↓↓↓

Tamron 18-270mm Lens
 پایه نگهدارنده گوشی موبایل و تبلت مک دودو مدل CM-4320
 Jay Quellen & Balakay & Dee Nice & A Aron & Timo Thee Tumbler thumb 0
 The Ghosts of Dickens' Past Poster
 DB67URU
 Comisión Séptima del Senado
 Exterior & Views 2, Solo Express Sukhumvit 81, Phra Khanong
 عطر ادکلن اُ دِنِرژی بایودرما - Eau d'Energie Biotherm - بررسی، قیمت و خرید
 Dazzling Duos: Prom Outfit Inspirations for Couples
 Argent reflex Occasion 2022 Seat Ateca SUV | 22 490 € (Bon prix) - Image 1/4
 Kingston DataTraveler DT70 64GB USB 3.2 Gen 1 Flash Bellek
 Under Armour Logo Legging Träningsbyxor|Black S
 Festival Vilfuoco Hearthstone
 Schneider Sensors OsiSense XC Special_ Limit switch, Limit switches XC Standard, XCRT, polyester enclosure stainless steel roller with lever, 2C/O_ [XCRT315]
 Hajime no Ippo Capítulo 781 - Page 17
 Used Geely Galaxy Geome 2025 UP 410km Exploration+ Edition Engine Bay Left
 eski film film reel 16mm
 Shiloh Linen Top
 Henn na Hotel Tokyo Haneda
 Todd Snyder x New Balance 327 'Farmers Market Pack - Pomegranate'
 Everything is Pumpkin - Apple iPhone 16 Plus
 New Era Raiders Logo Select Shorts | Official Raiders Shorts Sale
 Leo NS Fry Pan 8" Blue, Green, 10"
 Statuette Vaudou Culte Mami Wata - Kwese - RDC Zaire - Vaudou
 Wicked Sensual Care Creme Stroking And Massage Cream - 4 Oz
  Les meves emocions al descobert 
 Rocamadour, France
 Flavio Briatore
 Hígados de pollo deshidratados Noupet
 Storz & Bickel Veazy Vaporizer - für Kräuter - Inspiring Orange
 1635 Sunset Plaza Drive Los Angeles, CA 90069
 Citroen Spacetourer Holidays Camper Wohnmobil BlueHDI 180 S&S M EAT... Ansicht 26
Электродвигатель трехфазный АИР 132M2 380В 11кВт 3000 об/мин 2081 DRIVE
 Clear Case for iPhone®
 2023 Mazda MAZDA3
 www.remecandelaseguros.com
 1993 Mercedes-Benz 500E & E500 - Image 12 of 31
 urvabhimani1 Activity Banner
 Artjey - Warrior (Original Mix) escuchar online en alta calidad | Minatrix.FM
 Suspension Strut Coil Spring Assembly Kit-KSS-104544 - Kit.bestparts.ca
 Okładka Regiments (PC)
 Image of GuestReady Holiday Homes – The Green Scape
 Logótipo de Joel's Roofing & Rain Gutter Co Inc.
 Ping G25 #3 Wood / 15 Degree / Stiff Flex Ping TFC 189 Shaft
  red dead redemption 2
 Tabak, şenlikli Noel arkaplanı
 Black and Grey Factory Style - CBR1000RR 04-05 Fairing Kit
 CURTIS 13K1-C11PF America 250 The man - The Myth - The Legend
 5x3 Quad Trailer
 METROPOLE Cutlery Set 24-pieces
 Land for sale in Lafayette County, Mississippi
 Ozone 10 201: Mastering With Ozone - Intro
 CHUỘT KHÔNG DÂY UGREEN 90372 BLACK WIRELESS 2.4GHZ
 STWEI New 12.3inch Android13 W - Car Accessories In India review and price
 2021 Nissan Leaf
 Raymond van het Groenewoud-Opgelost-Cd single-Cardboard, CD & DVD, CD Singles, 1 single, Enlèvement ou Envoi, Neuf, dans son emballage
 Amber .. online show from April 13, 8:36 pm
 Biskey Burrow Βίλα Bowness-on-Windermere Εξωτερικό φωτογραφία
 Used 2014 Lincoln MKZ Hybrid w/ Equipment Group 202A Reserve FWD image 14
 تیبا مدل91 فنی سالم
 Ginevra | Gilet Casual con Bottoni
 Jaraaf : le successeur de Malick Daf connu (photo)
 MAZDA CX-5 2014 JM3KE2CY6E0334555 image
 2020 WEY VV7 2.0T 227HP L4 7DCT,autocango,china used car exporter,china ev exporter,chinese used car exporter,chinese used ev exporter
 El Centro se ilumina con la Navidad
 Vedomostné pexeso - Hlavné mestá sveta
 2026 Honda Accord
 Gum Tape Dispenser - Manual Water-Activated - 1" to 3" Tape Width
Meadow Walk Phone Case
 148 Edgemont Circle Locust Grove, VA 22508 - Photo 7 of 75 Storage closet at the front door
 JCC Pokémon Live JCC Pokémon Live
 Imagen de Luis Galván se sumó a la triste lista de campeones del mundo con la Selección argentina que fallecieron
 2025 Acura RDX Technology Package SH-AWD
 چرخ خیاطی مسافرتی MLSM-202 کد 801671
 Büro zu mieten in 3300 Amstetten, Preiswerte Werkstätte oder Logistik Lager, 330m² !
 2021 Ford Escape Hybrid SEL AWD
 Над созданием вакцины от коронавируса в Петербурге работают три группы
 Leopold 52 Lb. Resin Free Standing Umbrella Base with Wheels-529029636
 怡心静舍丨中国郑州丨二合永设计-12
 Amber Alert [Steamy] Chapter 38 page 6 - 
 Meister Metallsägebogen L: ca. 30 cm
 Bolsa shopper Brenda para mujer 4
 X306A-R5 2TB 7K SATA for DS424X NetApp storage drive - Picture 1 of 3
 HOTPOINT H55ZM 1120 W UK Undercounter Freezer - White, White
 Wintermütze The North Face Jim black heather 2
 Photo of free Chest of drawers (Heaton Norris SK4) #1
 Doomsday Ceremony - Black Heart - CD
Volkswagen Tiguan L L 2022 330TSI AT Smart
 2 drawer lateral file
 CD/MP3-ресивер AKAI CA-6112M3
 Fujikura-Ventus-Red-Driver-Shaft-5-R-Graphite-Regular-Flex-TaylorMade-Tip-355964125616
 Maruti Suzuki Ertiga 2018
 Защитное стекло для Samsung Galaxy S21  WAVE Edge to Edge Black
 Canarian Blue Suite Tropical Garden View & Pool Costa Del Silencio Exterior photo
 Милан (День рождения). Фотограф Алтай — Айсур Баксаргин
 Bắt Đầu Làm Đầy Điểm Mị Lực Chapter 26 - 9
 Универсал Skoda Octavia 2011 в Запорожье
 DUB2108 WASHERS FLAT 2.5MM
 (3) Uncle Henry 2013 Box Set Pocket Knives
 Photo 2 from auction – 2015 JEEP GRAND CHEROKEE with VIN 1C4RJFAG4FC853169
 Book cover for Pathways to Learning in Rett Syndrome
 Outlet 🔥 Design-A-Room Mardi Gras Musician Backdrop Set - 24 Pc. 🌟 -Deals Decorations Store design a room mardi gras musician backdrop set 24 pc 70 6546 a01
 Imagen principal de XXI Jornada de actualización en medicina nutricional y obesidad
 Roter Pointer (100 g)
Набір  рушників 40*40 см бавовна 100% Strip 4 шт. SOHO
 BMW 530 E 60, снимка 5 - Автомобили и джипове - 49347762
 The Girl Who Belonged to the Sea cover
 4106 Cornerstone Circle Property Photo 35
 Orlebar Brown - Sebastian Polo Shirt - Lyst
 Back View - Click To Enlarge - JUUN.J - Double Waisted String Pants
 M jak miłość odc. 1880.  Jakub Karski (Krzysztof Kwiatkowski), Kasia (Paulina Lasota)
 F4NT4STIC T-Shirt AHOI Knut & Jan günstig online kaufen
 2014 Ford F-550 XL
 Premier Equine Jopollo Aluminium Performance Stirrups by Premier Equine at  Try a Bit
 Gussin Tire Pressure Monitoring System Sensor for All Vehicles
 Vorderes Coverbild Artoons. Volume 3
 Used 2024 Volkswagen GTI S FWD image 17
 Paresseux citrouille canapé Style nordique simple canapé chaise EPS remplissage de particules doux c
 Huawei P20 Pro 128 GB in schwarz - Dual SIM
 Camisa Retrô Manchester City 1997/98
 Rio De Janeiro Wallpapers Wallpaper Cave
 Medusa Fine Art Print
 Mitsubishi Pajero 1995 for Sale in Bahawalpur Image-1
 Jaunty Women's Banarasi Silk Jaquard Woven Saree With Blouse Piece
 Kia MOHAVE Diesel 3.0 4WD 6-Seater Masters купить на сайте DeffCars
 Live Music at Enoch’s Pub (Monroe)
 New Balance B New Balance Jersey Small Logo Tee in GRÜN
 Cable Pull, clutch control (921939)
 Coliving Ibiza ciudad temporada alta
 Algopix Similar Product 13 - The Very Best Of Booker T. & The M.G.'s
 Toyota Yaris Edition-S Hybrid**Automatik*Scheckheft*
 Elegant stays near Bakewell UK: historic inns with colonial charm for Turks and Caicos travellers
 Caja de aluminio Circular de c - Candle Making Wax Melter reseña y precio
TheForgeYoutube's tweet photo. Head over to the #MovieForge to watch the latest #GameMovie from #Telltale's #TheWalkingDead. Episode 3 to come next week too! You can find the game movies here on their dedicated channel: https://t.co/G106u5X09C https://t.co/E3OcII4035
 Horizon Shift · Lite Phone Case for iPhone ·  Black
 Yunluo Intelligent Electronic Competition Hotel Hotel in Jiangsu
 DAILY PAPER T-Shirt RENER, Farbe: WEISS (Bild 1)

↑↑↑

**PROBLEM TO WORK ON:**
Gather each line from the listing above that holds "alta".

**COMPLETED TASK:**
 Artjey - Warrior (Original Mix) escuchar online en alta calidad | Minatrix.FM
 Coliving Ibiza ciudad temporada alta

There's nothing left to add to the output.